Data records:
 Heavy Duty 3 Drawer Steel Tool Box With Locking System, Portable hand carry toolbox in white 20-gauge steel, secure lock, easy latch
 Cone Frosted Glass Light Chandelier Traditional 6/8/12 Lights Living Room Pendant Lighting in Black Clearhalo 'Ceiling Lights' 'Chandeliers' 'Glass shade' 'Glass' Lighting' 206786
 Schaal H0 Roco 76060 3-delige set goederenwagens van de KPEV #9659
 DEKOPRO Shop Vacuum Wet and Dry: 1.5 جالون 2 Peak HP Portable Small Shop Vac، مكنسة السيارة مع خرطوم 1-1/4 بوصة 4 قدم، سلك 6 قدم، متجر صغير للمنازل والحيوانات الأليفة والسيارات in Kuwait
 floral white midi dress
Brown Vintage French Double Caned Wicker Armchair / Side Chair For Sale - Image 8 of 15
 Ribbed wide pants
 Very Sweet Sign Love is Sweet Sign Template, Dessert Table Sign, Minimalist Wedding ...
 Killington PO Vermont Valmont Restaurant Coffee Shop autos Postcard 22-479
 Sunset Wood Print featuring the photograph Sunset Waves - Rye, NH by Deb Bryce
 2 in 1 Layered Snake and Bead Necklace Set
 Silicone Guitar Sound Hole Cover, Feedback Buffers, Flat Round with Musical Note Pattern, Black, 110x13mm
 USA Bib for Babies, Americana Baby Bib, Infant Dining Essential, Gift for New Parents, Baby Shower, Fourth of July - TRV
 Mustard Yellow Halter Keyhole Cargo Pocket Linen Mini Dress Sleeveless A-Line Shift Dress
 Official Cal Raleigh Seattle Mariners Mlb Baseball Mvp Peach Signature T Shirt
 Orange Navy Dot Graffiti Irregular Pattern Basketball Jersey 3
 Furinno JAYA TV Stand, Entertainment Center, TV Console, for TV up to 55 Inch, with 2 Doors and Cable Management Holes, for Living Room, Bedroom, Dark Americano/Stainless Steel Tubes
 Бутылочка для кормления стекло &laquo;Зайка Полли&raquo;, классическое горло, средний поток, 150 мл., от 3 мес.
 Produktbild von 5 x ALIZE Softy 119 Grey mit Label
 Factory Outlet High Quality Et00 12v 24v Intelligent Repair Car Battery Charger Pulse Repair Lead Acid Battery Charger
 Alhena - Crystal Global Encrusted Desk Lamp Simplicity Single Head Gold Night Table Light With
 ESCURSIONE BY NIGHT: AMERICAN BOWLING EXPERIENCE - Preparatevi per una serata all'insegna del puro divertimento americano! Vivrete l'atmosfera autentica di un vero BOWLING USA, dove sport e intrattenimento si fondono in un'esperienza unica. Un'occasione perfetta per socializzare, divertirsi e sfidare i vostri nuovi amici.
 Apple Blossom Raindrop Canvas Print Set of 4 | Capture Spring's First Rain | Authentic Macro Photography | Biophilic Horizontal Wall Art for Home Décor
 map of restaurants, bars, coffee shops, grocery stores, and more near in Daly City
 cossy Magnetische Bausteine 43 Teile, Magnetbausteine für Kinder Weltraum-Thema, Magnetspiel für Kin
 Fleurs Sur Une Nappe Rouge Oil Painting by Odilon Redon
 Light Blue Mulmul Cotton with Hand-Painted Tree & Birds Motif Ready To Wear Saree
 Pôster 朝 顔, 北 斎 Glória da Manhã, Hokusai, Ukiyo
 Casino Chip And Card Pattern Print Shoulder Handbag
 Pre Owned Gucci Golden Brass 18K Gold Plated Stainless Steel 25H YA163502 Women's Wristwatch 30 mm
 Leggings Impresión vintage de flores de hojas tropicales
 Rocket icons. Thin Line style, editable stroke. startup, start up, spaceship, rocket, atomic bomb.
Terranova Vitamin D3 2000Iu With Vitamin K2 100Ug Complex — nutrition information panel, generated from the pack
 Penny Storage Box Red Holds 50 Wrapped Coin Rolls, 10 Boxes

Goal of the exercise:
Count how many lines in the data above include the string "Stainless", and write only that number.

Solution to this task:
2